RUN groupadd -g 10208 aron
RUN useradd -u 10208 -g aron -G sudo -s /bin/bash -m aron
USER aron
WORKDIR /home/aron

Building and tagging the image using this Dockerfile:

✸ docker build --tag dock-buster -f Dockerfile-buster ~/docks
...
Successfully tagged dock-buster:latest

Run the container

Running the container looks like this:

aron@fedora ✸ dock buster
aron@buster ✸ cat /etc/debian_version
10.4

The dock script is a wrapper around the docker command to run with some arguments. It looks like this:

#!/bin/bash
#
# dock -- run a Docker container with my stuff in it
#

main() {
    declare keybase=/run/user/$UID/keybase

    docker run --name=$1 --hostname=$1 -it -e SSH_AUTH_SOCK -e TERM --rm \
        --mount type=bind,source=$HOME,target=$HOME,bind-propagation=rslave \
        --mount type=bind,source=$keybase,target=$keybase,bind-propagation=rslave \
        --mount type=bind,source=$SSH_AUTH_SOCK,target=$SSH_AUTH_SOCK \
        dock-$1 /bin/bash

    exit
}

main "$@"

That command might seem daunting, but it’s pretty straightforward:

  • Call the container buster when we run dock buster.
  • Pass through SSH_AUTH_SOCK and TERM in the environment.
  • Remove the container automatically between runs.
  • Bind-mount home directory, keybase dir and the SSH agent socket.
  • Use the image called dock-buster, and run /bin/bash.

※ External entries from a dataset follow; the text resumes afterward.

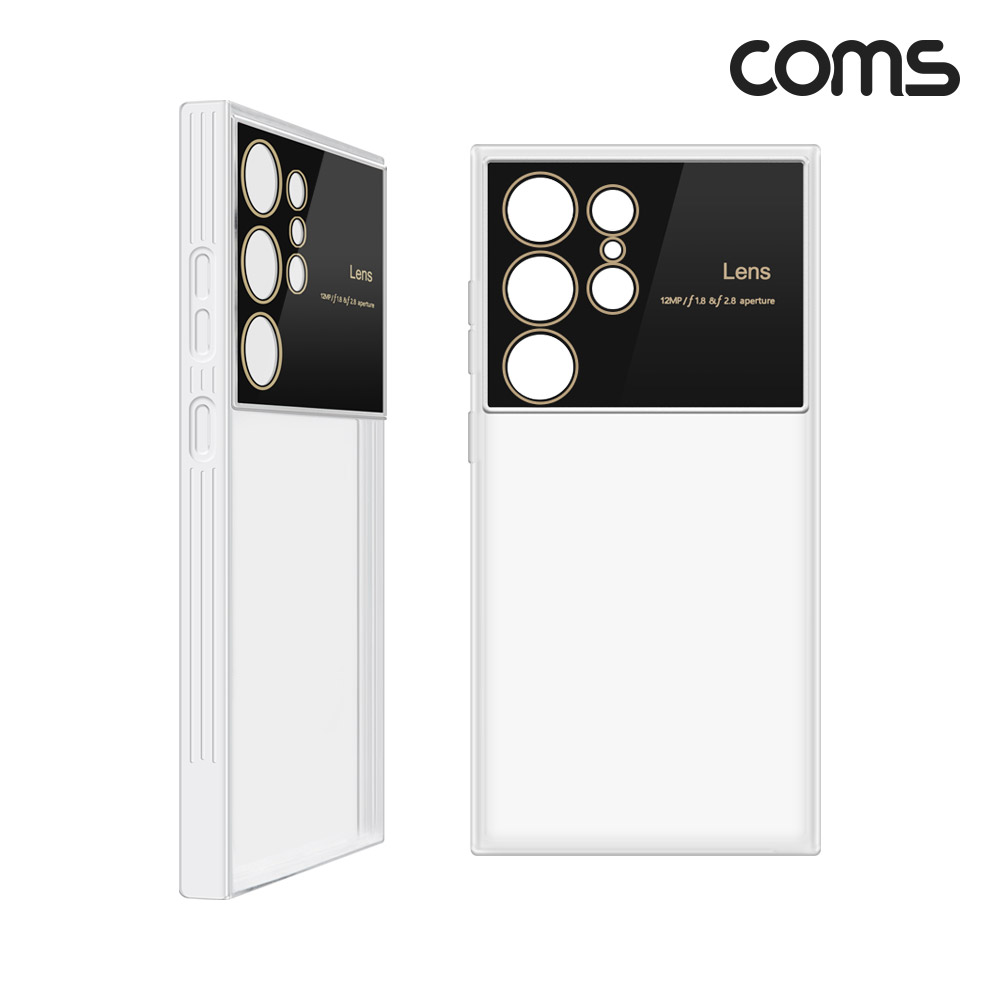 Coms 갤럭시 S24 울트라 투명 젤리 케이스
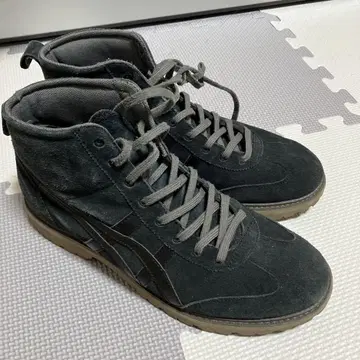오니츠카타이거 남성용 하이컷 스니커즈 25.5cm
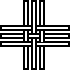 Triparted Cross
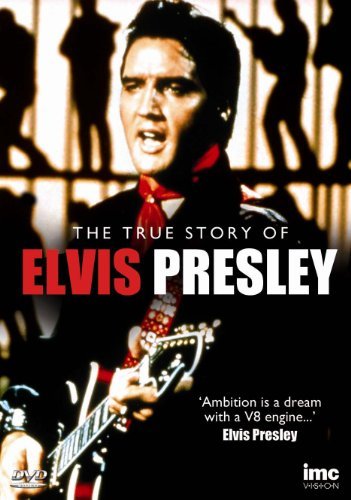 Cover for Elvis Presley · Presley, Elvis - True Story of Elvis.. (DVD) (2017)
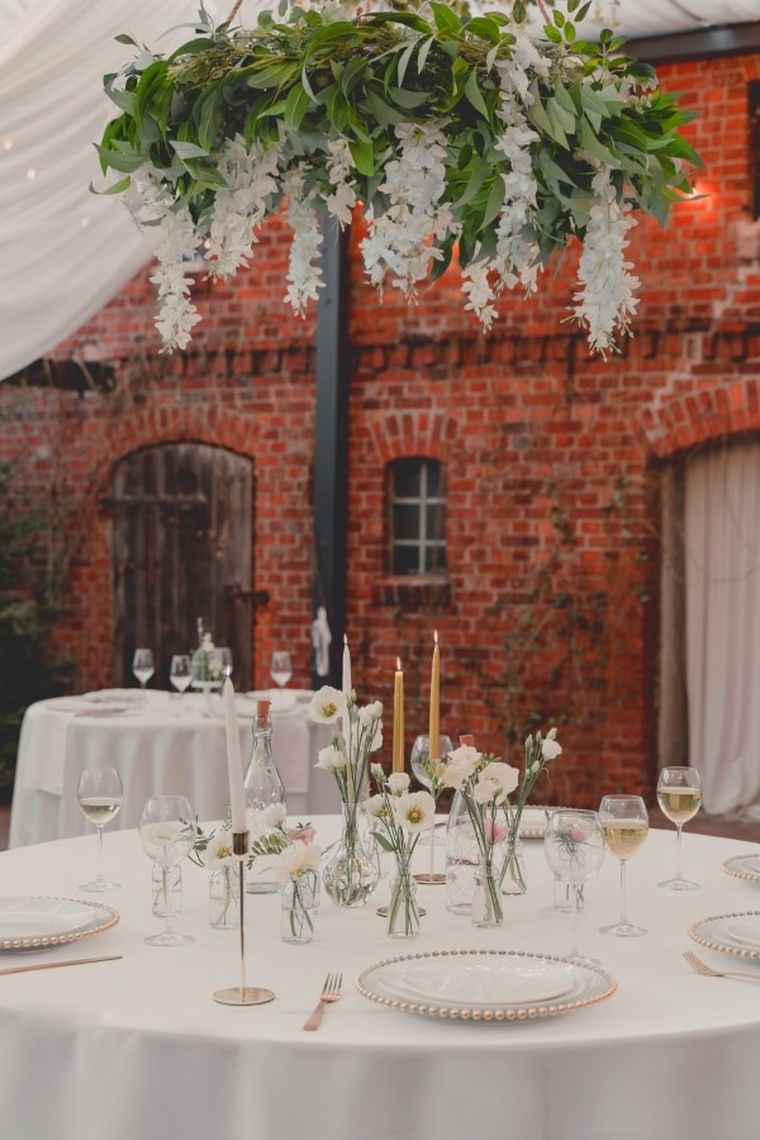 PartyDeco, girlanda, liście wierzby, 2m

Docker’s bind-propagation flag was new to me. Normally sub-mounts of the original mount aren’t exposed to the container, but using rslave allows them to be shared. For example, I have /home/aron/Dropbox mounted as a separate filesystem, and bind-propagation=rslave allows me to access Dropbox in the container.

This is especially important for the Keybase mount. The dir I actually wanted to bind-mount was /run/user/$UID/keybase/kbfs but trying to share that directly yields a permission error. This is because the Docker daemon, running as root, isn’t allowed to access the kbfs fuse-mounts of individual users. Bind mounting the parent dir with bind-propagation=rslave allows my user, who is allowed by the fuse-mount, to access kbfs in the container.

The other interesting thing here is the bind mount of the SSH socket. That allows SSH in the container to access my SSH agent running in the host, so that I don’t need to enter my password for git commands.

Putting it together

At the end of this I have a directory ~/docks that contains Dockerfiles for distro experimentation, and a script ~/bin/dock to run them conveniently.